- **Input data**
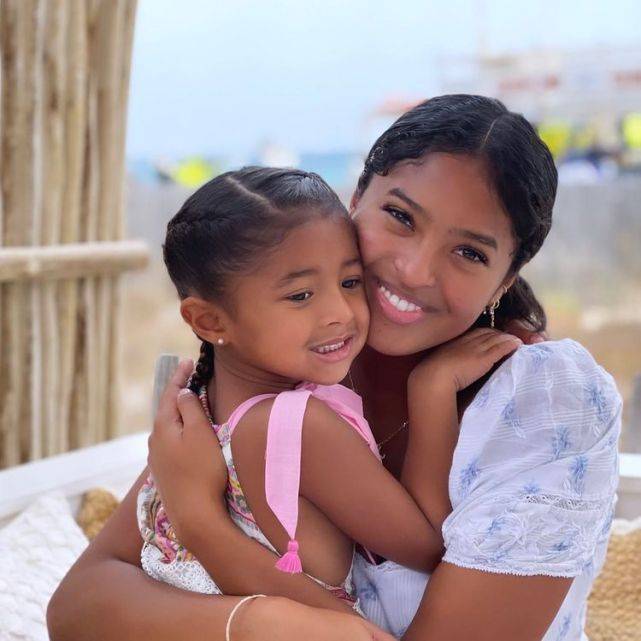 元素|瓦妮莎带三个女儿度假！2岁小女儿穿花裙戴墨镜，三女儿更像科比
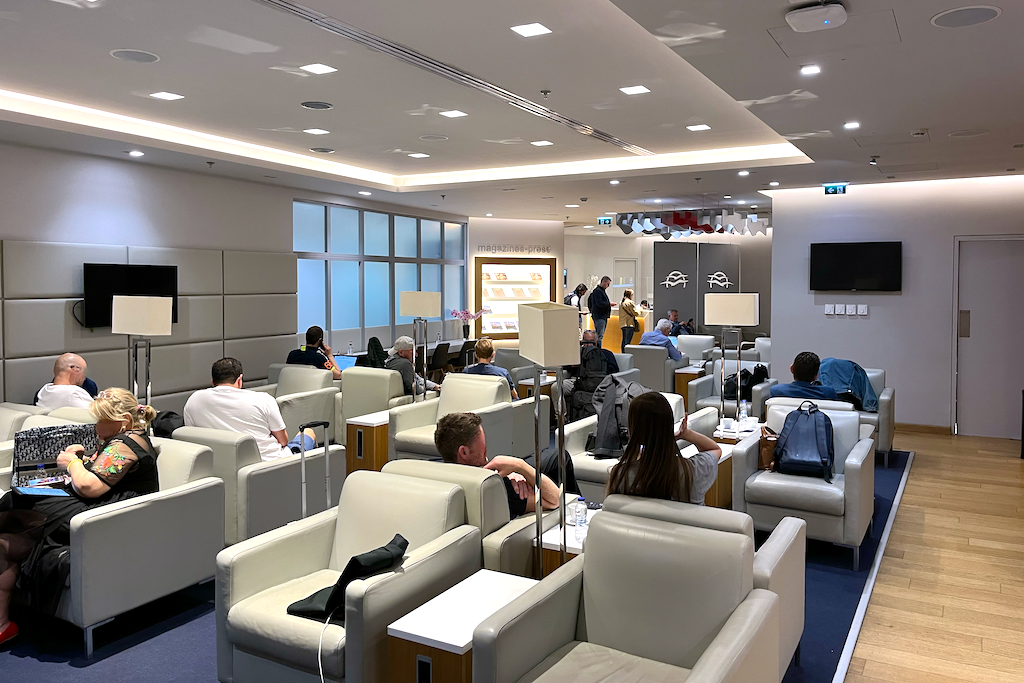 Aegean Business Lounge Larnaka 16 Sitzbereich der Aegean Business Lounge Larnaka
* * *
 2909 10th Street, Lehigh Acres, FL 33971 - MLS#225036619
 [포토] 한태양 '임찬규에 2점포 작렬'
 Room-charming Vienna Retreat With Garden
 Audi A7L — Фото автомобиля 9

- **Task brief**
Reproduce exactly, with no pictures, the lines above from the one holding "元素|瓦妮莎带三个女儿度假！2岁小女儿穿花裙戴墨镜，三女儿更像科比" to the one holding "Aegean Business Lounge Larnaka 16", inclusive.

- **Your solution**
 元素|瓦妮莎带三个女儿度假！2岁小女儿穿花裙戴墨镜，三女儿更像科比
 Aegean Business Lounge Larnaka 16 Sitzbereich der Aegean Business Lounge Larnaka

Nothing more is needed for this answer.